Which, he realises, sounds like the exact opposite of don’t treat her as a Loki. And so, with a ripple of apologetic surprise across his face, he tries in vain to backpedal. “Not that I mean you’re the planner because you’re Loki. I know you’re not him. We’re clear on that. You’re Sylvie, and we’ve never met before now.”
And she is, of course, different from Loki. Even beyond the basic biological differences, she carries herself differently, tilts her head differently. But sometimes Thor blinks and she does angle her shoulders exactly like Loki would have, and it’s like catching a ghostly afterimage of his brother —
— this is going to be difficult.
He bites down on his lip. Considers what to say, to try to explain. If there’s any use in reaching out and voicing that small numb thought which he hasn’t allowed himself to think since Asgard fell: I always wanted a sister.
“My last surprise sister went very, very poorly,” he says. “I don’t want a repeat. But I still hope we are able to— get along, you and I, and be well. If we are to fight by each others’ side, we must be able to trust each other.”
Trust. Also a sore point, and something he hadn’t been able to entertain with Loki for so very, very long.
no subject
And staring up at him as she fumbles, she feels that echo of a thought in herself:
I always wanted my brother back, too.
"Have you learned nothing from your own Loki? Trust is dangerous." She searches his eyes for the truth of that. "Like a dagger slid between your ribs. Only you don't have to worry I'd stab you in the back. I'd carve your heart out while staring you down, Thor."
It sounds like a threat, but there's a sadness in the way she says it. Remembers kissing Loki, and shoving him through the door back to the TVA. Denying him the opportunity to be there for her, to catch her when she fell.
no subject
Have you truly learned a lesson if you do the same thing again?
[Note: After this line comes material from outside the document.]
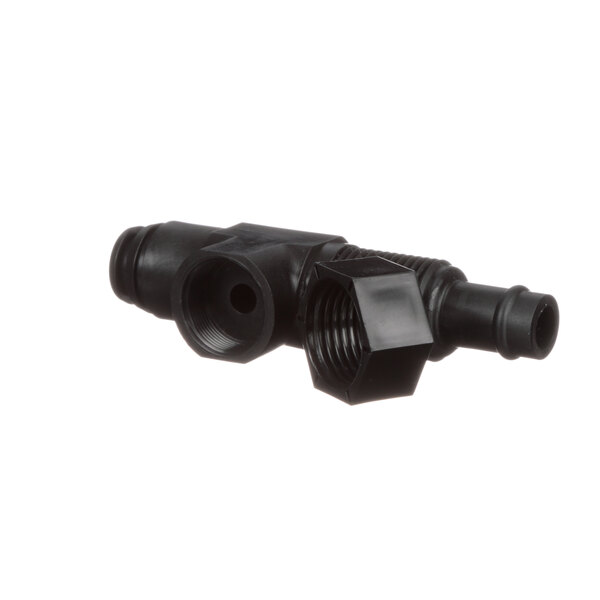 A black plastic faucet shank with a threaded end.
“But then, in the end, I took the lesson and I no longer trusted him,” he says. “The last time he tried to betray me, I was ready for it. The irony is, I truly believe we were on better terms after that point. He tried to be better, after that.”
Thor fidgets in his heavy ceremonial armour. And amongst all the heavy emotions of this particular day, an Asgardian funeral with this very peculiar funeral-crasher, a thought does occur to him:
“So, yes, I did learn it was dangerous to trust my brother. But wasn’t rule one that you are not a Loki?”